El Paso, which was guarded during the year in the Hermitage of the Holy Christ of Consuelo, participated in the traditional "Bringing of the Saints" from said hermitage, an occasion for which its Waitresses collected the hair of the Image of the Samaritan woman with a pink gauze to prevent it from being covered by dust from the street, as can be seen in some preserved graphic documents.

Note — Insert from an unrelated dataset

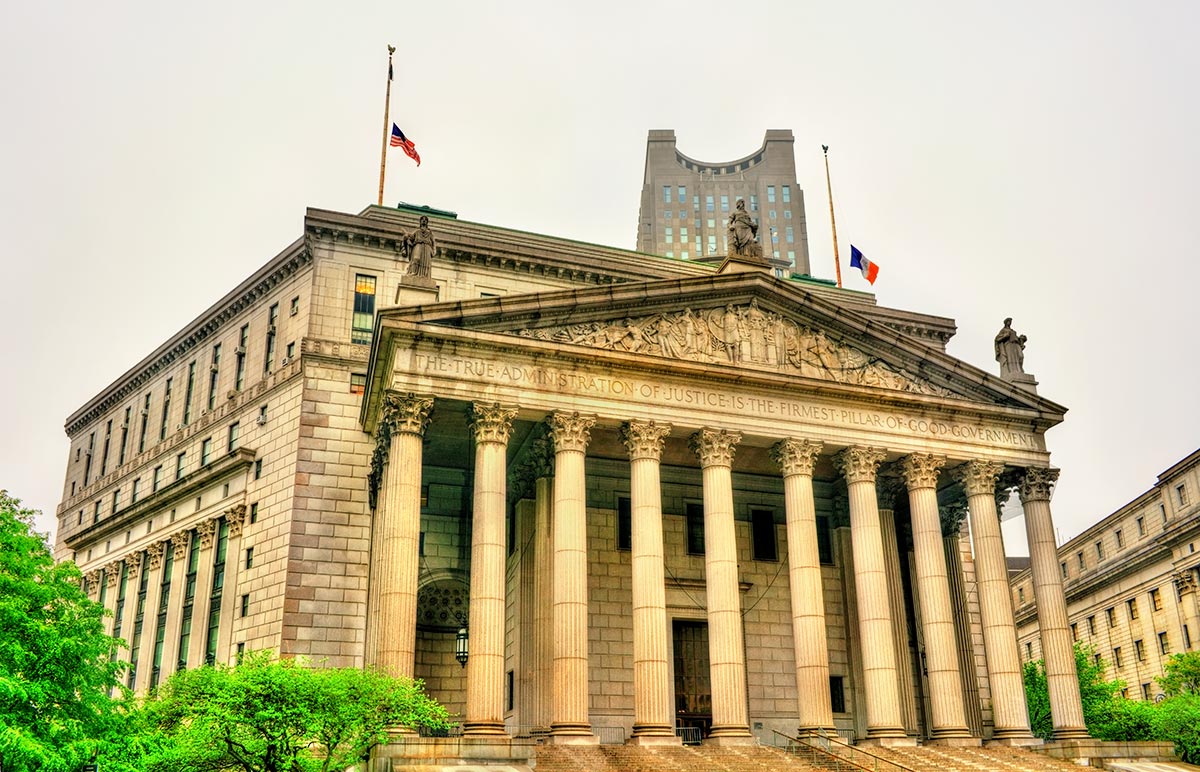 マンハッタンのニューヨーク州最高裁判所ビル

Like so many others, El Paso was destroyed during the Civil War. The luxurious clothing, which by chance of fate had survived the war, served so that, once it was over, the local sculptor Manuel Juan Carrillo Marco had the exact measurements with which to make a faithful replica of the disappeared group and its corresponding throne by Commissioned by D. José Giménez Ávila and D. José Aroca Martínez, who would parade in our Processions again until 1970. Tradition has it that, looking for water for irrigation in the area of "El Torvedal", these two ciezanos made the promise to carry out said Pass if they found water less than twenty meters away, as they did; in fact, the well that gave them water is still called today “Pozo de la Samaritana” and inside it houses a miniature replica of the Pass.

In 1947 and commissioned by D. Francisco Ibáñez Semitiel, the Sculptor Carrillo himself made a new Image of the Lord, which would parade in place of the other between 1947 and 1951.

Being as it was the only Step that did not have its own Brotherhood, in the year 1953 and chaired by D. Enrique Abellán Semitiel it was constituted, its statutes being approved a year later; and in 1962 the traditional red tunics with white bands were replaced by the current ones of lemon yellow, a color that had been imposed from the beginning in luxury tunics.

In 1970, the images of the master Carrillo were replaced by others carved in wood by Mr. José Luis Planes, son of the famous Murcian sculptor José Planes, very far removed in style from the Salzille canons, and which were recently restored (year 2000) by Javier Bernal Casanova. The primitive throne was too small for Images larger than the previous ones, which led to the fact that in 1980 the Brotherhood commissioned the construction of a new one, baroque in its conception, carved in wood and gilded by Juan Solano, sculptor of Malaga origin but settled in Cieza since 1946. The group will be completed in 2006 with a metal bell holder, but simulating one of the carvings of the throne, in the workshop of the ciezano goldsmith Francisco Penalva.

The blue velvet banner embroidered in fine gold and precious stones in the workshops of the consecrated Cartagena embroiderer Consuelo Escámez, was incorporated into the procession of the Brotherhood in 1972 – its pole would be replaced in 2006 by a new one made of embossed metal with a bath of silver in the Ciudad Real workshops of Orovio de la Torre, as two years later would be the one for the script also in the same workshop and with identical characteristics- and six years later, in 1978, the Brotherhood formed its own Band of bugles and drums.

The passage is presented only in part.